As far as years go, 2017 hasn’t been far from perfect for Wolf Alice. The North London rockers released their second LP, Visions of a Life, in September, to an outstanding critical reception. Beyond this group project, the band has also been divulging in some solo ventures, such as lead-singer Ellie Rowsell’s vocals on Alt-J’s ‘3WW’, and lead guitarist, Joff Oddie’s work on a preset for the the Fender Mustang amp. It was to this momentous backdrop that the band performed to a near-sold out O2 crowd on a chilly Monday evening.
In a similar manner to the rock-mosaic style of Visions of a Life, the band leapt from the opening ballad ‘Heavenward’, to the more aggressive, punk-influenced ‘Yuk Foo’. Of the latter, Rowsell showcased the range and depth of her vocals in this intense track, resonating throughout the song’s compact two minute running time. These binary-opposing performances were most evident in the band’s new material, of which saw them regularly shift between the LP’s heavier ‘rock’ tracks, like ‘Beautifully Unconventional’ and ‘Space and Time’, with the lighter indie melodies of ‘Planet Hunter’ and ‘Sadboy’.
The accompanying lights show acted as a stimulating visual performance in its own right
If the wild moshing of fans wasn’t a clear enough indicator of these tonal shifts in the band’s setlist, the accompanying lights show acted as a stimulating visual performance in its own right. Whether it was the intense red flashing to which accompanied ‘Yuk Foo’, or the illuminating spotlight for Joff Oddie’s guitar solo in ‘Moaning Lisa Smile’, this added aesthetic worked as a visual complement to the band’s stylish performance.
The central part of the setlist was dedicated to the smash hits of the band’s first LP ‘My Love is Cool’. Such tracks included ‘bros’ and ‘silk’, to which these songs did justice to the band’s previous worldwide performances of these tracks at festivals like Glastonbury and Coachella.

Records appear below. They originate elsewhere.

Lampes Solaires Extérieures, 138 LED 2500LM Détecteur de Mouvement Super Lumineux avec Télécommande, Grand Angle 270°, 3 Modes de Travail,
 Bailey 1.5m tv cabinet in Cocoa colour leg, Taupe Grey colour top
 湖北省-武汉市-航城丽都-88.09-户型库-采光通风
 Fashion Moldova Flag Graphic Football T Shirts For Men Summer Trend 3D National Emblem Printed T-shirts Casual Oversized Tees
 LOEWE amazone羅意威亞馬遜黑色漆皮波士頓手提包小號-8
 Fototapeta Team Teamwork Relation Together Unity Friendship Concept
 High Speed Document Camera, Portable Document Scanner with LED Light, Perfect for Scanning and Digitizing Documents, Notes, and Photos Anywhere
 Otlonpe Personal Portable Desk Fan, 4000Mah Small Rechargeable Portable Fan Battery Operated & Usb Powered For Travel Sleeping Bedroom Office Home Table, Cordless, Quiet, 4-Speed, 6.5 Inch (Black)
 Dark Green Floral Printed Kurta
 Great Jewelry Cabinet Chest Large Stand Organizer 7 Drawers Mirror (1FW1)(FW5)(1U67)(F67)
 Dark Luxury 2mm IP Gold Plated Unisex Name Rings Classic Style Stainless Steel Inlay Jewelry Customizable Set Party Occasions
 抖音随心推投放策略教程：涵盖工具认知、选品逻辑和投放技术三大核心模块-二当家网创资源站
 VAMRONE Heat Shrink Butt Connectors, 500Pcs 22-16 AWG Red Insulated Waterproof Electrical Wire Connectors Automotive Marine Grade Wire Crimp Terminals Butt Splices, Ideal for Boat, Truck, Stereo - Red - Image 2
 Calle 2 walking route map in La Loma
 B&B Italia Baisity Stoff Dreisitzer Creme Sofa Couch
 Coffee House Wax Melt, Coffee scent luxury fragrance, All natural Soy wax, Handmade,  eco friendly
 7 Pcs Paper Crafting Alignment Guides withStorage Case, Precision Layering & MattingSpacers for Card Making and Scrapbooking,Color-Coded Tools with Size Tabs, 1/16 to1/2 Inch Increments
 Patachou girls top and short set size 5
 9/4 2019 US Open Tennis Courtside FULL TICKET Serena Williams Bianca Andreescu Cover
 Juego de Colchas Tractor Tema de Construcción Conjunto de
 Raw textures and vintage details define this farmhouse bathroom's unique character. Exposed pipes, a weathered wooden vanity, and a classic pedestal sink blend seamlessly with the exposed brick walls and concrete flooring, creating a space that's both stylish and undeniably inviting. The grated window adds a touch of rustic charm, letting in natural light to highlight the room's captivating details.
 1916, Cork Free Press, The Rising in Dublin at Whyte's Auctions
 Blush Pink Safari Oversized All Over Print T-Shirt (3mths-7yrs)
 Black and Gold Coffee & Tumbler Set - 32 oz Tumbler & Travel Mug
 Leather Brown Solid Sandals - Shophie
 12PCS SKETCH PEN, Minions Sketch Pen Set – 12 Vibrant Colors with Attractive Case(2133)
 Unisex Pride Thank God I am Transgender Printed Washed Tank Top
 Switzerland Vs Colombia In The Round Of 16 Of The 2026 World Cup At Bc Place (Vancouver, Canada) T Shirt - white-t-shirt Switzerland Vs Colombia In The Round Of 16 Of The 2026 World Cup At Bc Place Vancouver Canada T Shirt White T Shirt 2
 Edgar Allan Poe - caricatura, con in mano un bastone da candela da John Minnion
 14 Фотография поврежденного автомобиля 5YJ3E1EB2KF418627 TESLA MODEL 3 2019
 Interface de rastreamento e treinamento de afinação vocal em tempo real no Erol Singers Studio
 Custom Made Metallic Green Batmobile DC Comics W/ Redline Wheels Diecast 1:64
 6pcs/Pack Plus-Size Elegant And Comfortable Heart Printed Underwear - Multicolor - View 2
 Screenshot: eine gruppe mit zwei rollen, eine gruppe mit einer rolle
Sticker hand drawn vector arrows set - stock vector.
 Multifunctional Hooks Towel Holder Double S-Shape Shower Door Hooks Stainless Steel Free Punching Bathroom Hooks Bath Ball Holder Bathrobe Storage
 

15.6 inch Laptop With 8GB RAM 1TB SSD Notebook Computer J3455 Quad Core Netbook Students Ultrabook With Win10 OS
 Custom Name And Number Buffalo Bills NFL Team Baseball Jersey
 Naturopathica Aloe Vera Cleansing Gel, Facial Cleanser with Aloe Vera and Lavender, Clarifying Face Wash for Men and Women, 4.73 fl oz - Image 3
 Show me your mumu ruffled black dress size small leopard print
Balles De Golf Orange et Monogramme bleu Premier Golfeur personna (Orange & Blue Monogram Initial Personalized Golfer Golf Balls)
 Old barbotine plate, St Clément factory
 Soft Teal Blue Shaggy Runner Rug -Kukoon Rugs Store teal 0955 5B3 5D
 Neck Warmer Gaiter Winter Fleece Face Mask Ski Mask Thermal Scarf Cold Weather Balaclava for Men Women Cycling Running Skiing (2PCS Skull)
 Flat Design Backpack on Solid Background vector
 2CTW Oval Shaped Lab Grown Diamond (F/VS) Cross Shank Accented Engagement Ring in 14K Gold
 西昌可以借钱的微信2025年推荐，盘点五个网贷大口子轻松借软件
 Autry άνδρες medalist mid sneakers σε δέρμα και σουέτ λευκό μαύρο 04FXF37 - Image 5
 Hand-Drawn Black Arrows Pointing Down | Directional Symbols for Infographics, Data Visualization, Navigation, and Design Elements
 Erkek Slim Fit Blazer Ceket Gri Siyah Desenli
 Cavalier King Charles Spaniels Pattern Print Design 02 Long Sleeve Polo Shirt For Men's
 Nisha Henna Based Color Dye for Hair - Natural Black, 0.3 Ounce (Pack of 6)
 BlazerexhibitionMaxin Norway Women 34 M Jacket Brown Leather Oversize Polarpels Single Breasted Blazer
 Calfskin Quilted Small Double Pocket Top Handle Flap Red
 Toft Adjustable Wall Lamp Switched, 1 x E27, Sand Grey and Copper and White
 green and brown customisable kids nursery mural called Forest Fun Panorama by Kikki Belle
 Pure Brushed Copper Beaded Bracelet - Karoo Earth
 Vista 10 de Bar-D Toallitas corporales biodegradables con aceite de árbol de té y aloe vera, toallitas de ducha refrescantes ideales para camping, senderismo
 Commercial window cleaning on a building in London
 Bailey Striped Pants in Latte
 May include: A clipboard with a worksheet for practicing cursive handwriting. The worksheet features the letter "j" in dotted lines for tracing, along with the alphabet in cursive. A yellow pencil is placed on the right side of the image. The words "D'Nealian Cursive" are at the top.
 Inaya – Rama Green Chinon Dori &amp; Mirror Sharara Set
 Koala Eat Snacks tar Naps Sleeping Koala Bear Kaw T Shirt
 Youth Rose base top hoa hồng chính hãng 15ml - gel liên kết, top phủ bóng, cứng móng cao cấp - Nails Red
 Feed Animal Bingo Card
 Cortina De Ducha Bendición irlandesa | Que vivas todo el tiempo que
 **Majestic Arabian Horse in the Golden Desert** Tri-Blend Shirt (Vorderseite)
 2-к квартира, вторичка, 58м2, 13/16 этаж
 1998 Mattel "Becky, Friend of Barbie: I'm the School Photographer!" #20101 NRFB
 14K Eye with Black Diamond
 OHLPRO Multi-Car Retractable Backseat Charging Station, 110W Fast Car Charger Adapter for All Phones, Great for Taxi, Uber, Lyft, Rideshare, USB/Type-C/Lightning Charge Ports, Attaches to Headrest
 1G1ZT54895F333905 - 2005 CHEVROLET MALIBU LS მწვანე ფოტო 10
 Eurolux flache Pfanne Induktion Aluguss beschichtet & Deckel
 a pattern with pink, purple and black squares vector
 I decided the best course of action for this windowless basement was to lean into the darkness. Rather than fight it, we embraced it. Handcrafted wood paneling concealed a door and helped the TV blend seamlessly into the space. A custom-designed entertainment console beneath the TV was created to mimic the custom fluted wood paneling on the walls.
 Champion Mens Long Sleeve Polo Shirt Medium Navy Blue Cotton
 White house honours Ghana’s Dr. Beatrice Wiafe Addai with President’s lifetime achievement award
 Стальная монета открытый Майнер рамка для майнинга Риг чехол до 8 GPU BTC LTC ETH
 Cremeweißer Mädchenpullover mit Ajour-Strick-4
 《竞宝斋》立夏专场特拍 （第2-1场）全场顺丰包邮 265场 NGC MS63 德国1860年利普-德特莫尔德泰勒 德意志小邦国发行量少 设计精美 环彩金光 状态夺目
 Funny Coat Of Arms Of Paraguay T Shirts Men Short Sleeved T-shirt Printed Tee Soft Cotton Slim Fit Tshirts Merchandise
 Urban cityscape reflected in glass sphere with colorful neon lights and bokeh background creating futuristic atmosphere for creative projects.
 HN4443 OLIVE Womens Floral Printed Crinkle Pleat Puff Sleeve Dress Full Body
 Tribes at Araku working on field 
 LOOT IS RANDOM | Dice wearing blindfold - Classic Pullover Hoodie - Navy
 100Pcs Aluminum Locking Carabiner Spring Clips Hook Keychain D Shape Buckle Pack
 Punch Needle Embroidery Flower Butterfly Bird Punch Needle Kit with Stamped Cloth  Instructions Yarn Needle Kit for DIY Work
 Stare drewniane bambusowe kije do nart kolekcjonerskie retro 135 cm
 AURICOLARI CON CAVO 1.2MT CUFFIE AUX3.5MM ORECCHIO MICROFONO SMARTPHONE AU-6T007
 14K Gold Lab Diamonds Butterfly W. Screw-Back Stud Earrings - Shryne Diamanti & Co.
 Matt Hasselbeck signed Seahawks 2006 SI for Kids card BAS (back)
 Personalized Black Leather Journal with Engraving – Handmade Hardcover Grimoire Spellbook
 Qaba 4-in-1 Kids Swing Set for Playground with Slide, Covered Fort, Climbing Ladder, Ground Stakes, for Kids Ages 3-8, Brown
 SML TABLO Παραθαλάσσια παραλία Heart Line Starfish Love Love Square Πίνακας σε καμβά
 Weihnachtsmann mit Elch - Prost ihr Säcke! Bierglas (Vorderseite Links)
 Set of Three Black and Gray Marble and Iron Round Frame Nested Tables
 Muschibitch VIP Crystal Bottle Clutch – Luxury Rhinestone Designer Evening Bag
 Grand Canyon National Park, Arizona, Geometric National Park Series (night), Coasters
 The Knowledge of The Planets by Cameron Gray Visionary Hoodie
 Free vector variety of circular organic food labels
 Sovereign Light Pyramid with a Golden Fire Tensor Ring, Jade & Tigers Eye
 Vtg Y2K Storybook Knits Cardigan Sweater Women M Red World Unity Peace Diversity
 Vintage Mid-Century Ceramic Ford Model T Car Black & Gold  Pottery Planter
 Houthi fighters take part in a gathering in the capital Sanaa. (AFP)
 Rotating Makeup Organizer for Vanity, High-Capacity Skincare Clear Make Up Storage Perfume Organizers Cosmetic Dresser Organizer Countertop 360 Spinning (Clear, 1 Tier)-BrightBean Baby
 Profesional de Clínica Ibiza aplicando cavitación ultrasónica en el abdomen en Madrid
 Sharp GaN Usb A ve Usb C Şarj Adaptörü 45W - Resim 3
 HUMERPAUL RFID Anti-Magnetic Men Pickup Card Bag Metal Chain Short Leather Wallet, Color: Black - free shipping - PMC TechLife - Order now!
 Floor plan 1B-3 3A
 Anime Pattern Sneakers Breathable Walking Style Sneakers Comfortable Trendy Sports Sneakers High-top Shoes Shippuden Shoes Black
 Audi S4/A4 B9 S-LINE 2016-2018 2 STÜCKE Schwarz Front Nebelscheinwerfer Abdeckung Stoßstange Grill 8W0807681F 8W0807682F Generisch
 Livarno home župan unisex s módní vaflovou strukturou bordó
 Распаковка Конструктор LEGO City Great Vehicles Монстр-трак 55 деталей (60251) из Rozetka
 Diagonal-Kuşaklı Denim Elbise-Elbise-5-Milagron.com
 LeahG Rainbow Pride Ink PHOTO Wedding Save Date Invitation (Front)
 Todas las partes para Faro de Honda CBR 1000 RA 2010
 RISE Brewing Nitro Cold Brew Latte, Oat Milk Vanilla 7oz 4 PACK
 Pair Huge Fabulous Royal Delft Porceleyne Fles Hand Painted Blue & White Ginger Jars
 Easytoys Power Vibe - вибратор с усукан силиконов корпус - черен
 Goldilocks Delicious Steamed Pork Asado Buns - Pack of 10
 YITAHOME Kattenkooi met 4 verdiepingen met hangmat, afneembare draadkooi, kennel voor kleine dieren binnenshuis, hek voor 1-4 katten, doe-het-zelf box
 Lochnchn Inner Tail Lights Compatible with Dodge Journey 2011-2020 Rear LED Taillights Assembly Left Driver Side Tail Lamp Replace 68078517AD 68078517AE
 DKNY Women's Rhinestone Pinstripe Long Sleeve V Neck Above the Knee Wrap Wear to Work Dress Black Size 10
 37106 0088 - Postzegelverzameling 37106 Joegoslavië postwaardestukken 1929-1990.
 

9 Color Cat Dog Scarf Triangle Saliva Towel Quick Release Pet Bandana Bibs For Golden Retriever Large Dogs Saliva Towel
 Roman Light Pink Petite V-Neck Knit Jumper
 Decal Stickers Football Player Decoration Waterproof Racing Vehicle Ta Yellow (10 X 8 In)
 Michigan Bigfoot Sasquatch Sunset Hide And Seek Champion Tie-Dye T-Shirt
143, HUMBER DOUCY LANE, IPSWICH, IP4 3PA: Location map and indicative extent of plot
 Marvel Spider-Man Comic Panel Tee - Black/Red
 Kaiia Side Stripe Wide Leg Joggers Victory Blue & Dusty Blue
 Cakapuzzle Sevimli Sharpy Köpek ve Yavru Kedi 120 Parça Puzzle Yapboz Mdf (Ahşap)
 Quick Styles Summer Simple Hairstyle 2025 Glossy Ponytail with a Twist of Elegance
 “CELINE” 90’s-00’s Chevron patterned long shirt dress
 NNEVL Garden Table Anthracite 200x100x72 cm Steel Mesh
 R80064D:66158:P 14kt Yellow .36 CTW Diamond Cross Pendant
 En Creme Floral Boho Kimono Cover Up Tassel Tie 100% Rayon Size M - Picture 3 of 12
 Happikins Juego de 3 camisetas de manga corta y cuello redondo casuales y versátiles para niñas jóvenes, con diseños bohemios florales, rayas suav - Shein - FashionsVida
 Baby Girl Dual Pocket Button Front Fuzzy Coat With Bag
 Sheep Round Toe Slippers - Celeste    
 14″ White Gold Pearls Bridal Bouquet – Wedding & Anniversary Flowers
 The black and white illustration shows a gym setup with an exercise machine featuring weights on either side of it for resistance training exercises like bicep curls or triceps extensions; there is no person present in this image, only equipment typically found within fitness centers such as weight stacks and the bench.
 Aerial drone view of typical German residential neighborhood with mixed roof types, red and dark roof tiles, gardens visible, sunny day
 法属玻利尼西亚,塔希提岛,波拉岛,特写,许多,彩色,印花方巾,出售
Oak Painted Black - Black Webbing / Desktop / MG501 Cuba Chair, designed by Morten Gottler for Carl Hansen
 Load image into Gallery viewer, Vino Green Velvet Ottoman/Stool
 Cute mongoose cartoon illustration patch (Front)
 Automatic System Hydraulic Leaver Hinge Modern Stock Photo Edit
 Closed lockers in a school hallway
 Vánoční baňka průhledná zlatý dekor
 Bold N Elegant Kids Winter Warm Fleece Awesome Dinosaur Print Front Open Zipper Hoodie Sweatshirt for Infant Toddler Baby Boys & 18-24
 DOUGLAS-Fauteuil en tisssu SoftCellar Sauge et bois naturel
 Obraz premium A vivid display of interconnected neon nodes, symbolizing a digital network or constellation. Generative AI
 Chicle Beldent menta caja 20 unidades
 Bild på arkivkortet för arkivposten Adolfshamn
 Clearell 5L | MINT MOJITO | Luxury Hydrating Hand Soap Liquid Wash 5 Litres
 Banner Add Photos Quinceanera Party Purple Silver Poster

The band remains diligent to its creativity; its prowess; its originality.
While encores of recent years have been criticised for being overly saturated or devoid of all previous excitement, Wolf Alice’s re-appearance for final tracks ‘Blush’ and ‘Giant Peach’ proved quite the opposite. The band’s revitalised performances of these older tracks shown how they were aware of what they had achieved, and the influence it had upon their current sound. However, the confidence and flare in which the tracks from the recent LP were performed showcased how the band remains diligent to its creativity; its prowess; its originality.